Exercise instructions » Copy every line that contains the string "Volkswagen" from the entries below.

Extracted material »
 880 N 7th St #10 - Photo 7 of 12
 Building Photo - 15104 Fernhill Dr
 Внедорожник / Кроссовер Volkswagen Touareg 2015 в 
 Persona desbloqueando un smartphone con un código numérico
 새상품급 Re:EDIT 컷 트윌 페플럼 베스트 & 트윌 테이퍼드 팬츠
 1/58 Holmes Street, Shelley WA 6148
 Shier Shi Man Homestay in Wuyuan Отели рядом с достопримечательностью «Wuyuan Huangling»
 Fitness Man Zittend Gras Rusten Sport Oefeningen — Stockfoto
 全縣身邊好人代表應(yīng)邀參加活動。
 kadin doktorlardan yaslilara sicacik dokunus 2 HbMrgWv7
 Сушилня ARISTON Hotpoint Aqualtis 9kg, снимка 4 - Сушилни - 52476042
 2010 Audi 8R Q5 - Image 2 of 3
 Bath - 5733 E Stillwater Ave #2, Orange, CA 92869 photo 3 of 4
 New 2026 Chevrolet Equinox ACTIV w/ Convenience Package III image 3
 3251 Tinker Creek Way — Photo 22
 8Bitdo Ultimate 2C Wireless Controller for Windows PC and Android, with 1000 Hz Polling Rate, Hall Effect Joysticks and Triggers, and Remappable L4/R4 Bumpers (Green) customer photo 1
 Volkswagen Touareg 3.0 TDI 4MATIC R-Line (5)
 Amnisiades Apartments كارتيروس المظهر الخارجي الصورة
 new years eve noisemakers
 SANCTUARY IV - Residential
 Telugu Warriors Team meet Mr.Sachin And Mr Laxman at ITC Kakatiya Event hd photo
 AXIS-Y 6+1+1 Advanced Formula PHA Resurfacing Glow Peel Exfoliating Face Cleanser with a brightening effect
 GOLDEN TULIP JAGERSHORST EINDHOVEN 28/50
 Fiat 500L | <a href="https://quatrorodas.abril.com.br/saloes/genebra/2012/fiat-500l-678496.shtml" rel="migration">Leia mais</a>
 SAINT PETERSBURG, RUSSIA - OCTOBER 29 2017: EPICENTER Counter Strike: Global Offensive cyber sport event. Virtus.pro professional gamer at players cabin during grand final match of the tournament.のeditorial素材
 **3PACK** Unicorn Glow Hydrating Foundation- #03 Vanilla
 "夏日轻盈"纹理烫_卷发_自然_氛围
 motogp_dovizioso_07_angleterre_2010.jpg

Result »
 Внедорожник / Кроссовер Volkswagen Touareg 2015 в 
 Volkswagen Touareg 3.0 TDI 4MATIC R-Line (5)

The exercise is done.